Note: this is not for a class; you are not helping me do homework. This is my job and I haven't been assigned this as a project. I'm doing this just because I'm curious about the place I work in.
posted by sciencegeek to Society & Culture (6 answers total) 7 users marked this as a favorite
 
Gosh, I'm too exhausted to dig into this right now but there really is a ton of stuff on this. I think what you need to be looking for is the trend known as Orientalism which drew on the architecture, literature, and decorative arts of Asia, broadly taken. That term alone should help you open up some paths for research, stuff like this, this, this. It's definitely a thing. What's interesting is that you get to look at orientalism as applied to landscape design, which was pretty much an entirely new art form in the late 19th century, so that's a very particular but super interesting niche. Good luck.
posted by Miko at 8:44 PM on June 7, 2013


I have already found lots of books from about 1960 to the present on Persian/Mughal garden designs, but it struck me as I was reading them that back in 1915 the guy doing the design didn't have access to a lot of this information.

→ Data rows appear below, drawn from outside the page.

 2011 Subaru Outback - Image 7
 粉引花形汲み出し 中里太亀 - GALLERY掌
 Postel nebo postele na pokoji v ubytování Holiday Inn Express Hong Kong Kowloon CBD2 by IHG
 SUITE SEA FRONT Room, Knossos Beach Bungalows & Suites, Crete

Napolean's expedition to Egypt (and the Description de l'Égypte) was 1798 to 1801 - more than a century before this guy drew up plans. The French Geographic Society was founded in 1821. French scholars were doing up special purpose architectural encyclopedias in (yadda yadda, google search, wikipedia, yadda yadda).
posted by sebastienbailard at 8:48 PM on June 7, 2013


*not new art form really, that's not quite fair, it was a new profession.
posted by Miko at 8:50 PM on June 7, 2013


So it may be that the term I'm looking for is "Indo-Saracenic Revival"

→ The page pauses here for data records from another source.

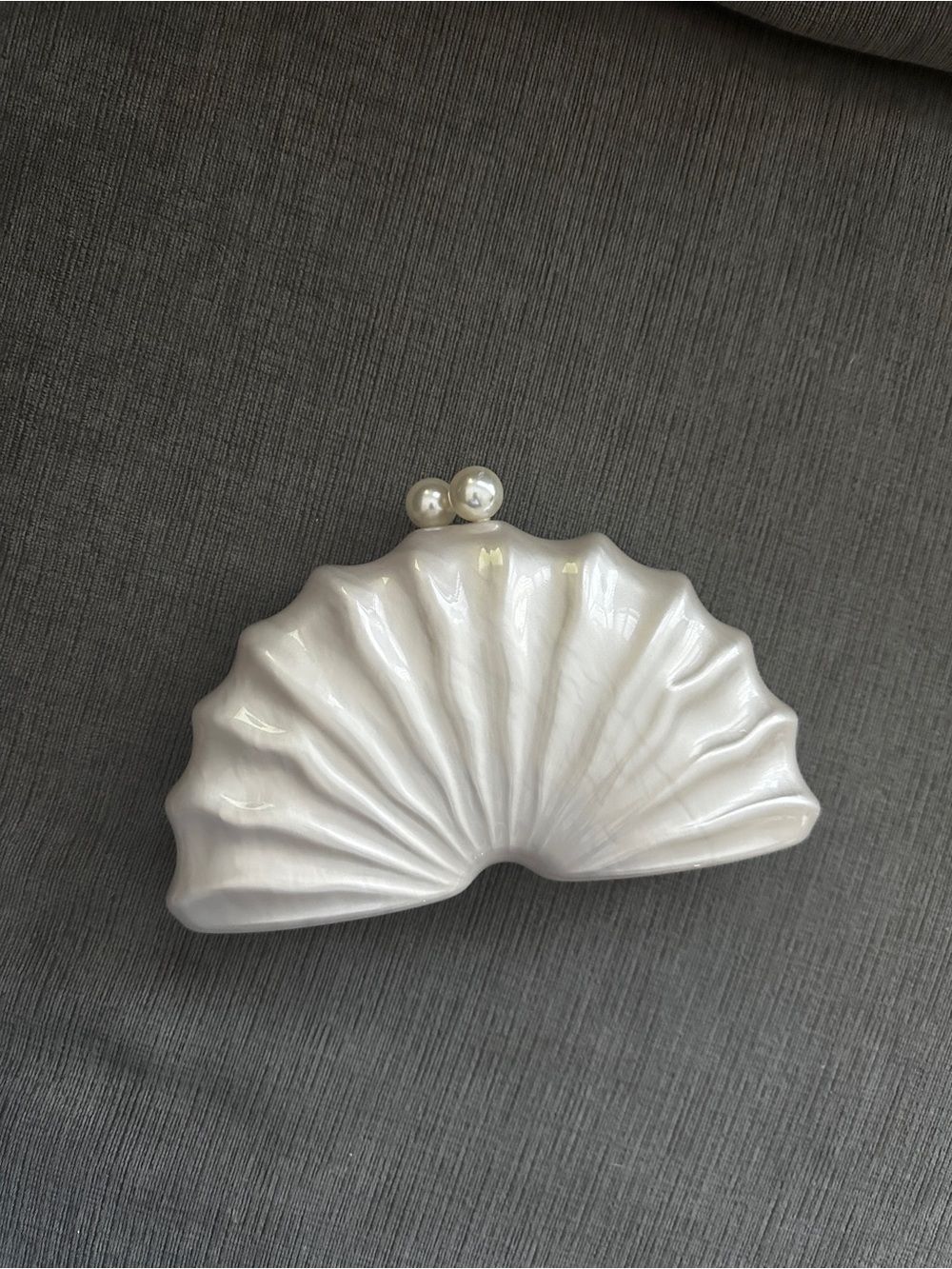 Pearl-Top Shell Clutch in Shimmery White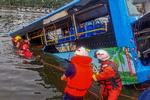 Bussen endte i en sø efter at have braget gennem et autoværn på motorvejen. Foto: Str/Ritzau Scanpix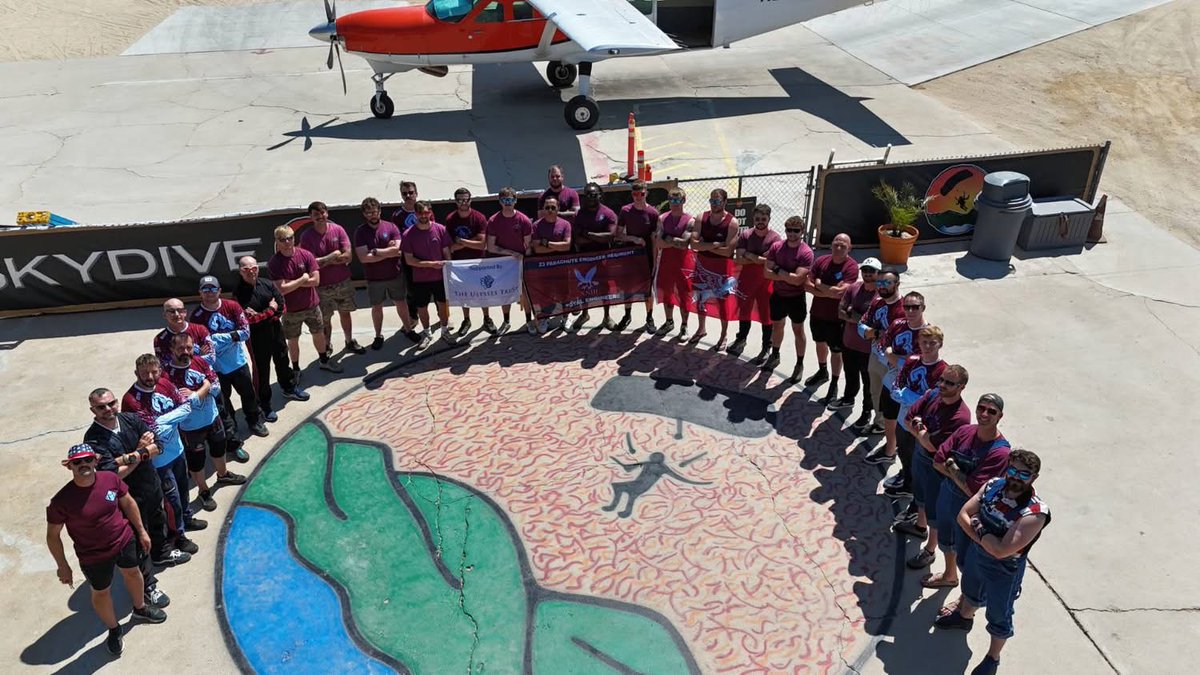 Proud_Sappers's tweet image. ✈️ Diving into the weekend like... 💥

299 Parachute Sqn RE just returned from Exercise Eagle Speedstar in California — a high-octane expedition led by 23 Para Engr Regt 💪🪂

#SapperFamily #SapperSmart #BritishArmy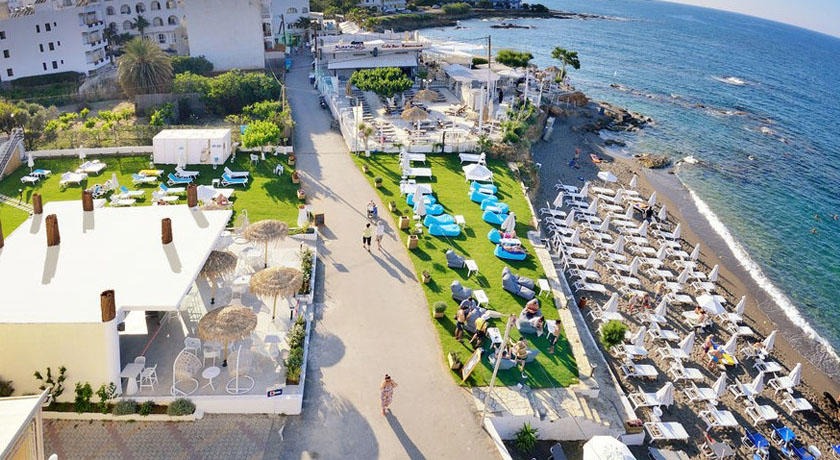 Golden Beach Hotel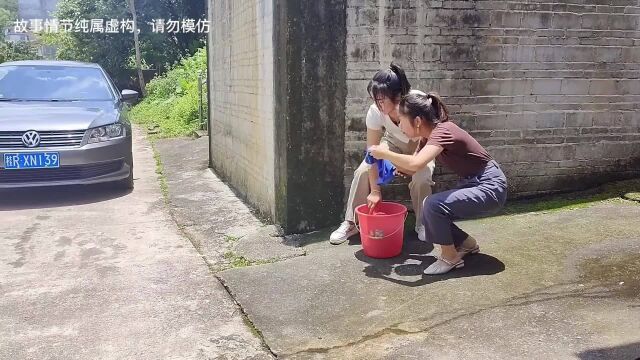 农村搞笑视频:小燕耍无赖,这下终于完蛋了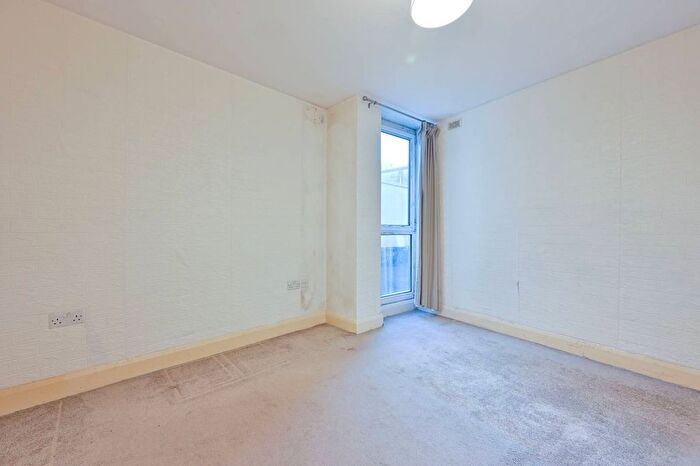 1 Bedroom Flat For Sale In Clarendon House, Kingston, Kingston Upon Thames, KT2
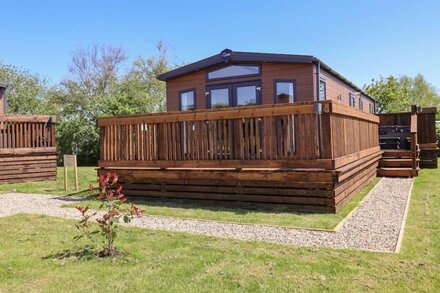 MAYFLOWER LODGE, pet friendly, character holiday cottage in Staithes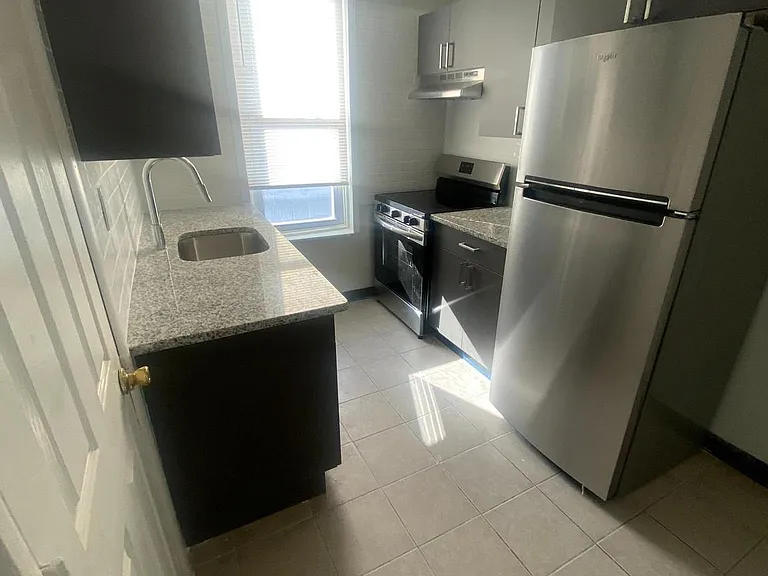 1142 S 11th St #3 — Photo 3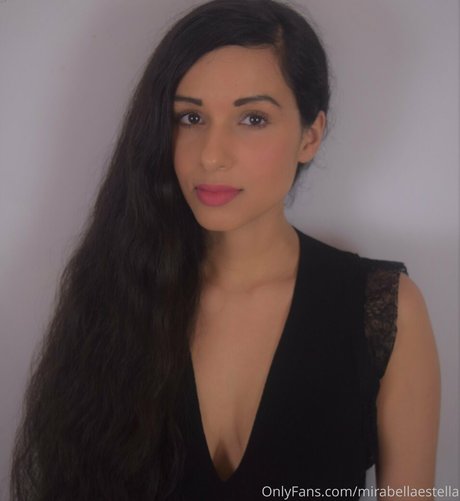 Mirabella Estella star hot pictures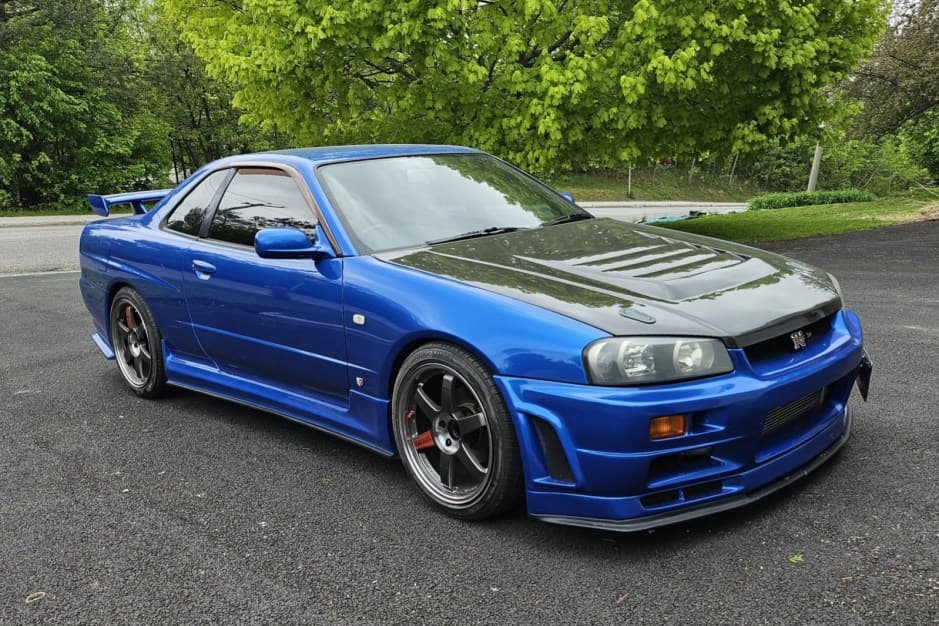 1999 Nissan R34 Skyline sold for $30,250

I'm trying out google scholar with the search terms encyclopedia and architecture with a date range of 1880-1920. And, with the same date range, Persian and garden.

Also, for future reference, the Middle East Garden website is quite nice on actual Persian/Mughal gardens.

I'm not interested in the Egyptian expedition and the craze for Egyptian things that followed. While there are Assyrian and Greek elements in addition to the Persian/Mughal garden, there appear to be no Egyptian-themed items.
posted by sciencegeek at 3:35 AM on June 8, 2013 [1 favorite]


Of course I'm an idiot - the chair of our board is an architect and I should have asked him in the first place. He showed up Saturday morning at the garden and I barely got my question out and he completely understood what I was interested in and suggested Gardens of the Great Mughals by Constance Mary Stuart Villiers. Apparently there's also a vaguely reasonable masters thesis from a guy who was at Columbia on the designer of the garden (William Welles Bosworth) which mentions books in Bosworth's library.

Now to figure out a way to access this thesis...
posted by sciencegeek at 3:14 AM on June 9, 2013 [1 favorite]


So it may be that the term I'm looking for is "Indo-Saracenic Revival"

Regarding that, I wonder if The Jeypore Portfolio of Architectural Details (1890) could have included some Mughal gardens. (Via google) The book apparently was intended to be a mix-and-match sourcebook but would have included a few prominent Indian gardens.